> _RECORDED DATA_
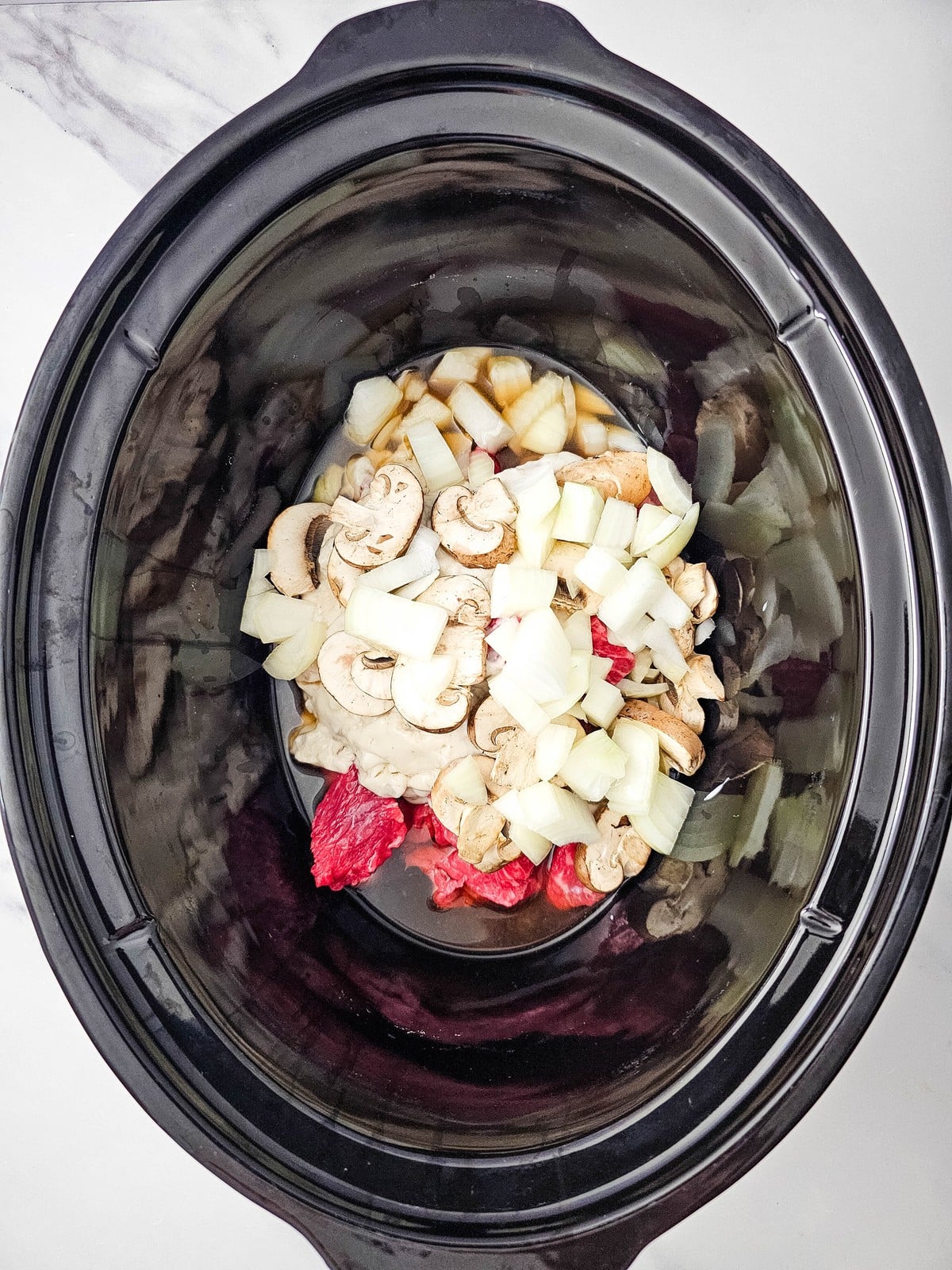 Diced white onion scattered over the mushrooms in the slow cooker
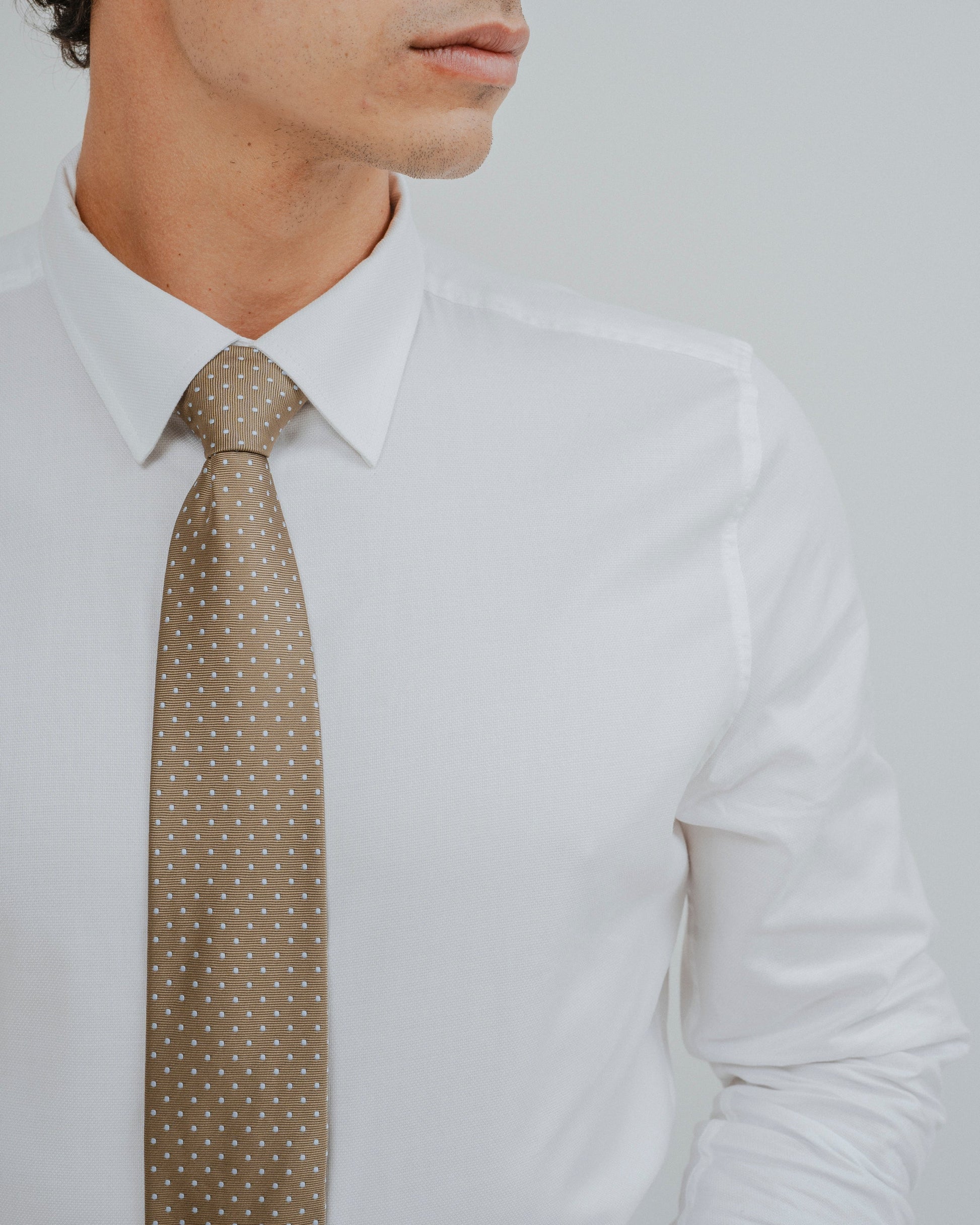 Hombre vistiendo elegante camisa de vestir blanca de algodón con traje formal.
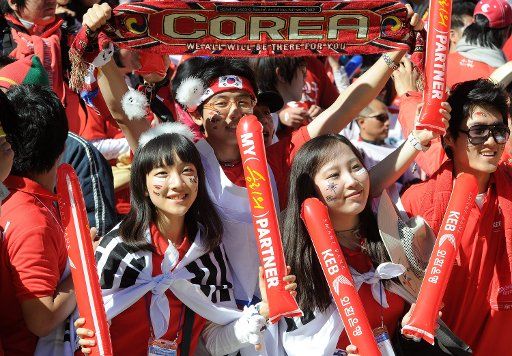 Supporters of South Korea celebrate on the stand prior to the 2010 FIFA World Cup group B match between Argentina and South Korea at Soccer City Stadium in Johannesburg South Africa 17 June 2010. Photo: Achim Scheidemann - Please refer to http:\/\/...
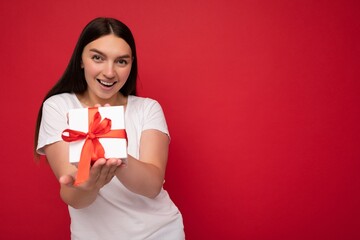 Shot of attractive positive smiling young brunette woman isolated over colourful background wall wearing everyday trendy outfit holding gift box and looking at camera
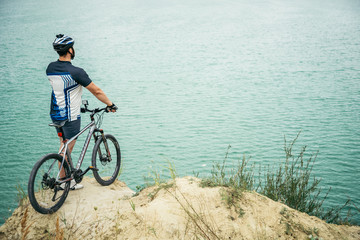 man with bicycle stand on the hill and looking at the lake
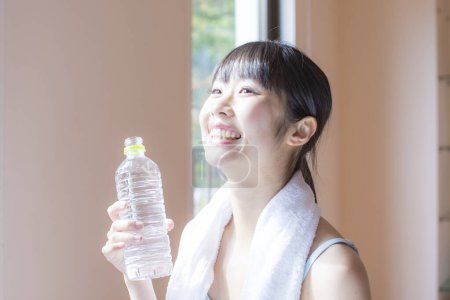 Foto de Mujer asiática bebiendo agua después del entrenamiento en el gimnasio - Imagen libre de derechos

> _ASSIGNED TASK_
Transcribe the listing word for word, but keep its pictures out of the copy.

> _WRITTEN RESPONSE_
 Diced white onion scattered over the mushrooms in the slow cooker
 Hombre vistiendo elegante camisa de vestir blanca de algodón con traje formal.
 Supporters of South Korea celebrate on the stand prior to the 2010 FIFA World Cup group B match between Argentina and South Korea at Soccer City Stadium in Johannesburg South Africa 17 June 2010. Photo: Achim Scheidemann - Please refer to http:\/\/...
 Shot of attractive positive smiling young brunette woman isolated over colourful background wall wearing everyday trendy outfit holding gift box and looking at camera
 man with bicycle stand on the hill and looking at the lake
 Foto de Mujer asiática bebiendo agua después del entrenamiento en el gimnasio - Imagen libre de derechos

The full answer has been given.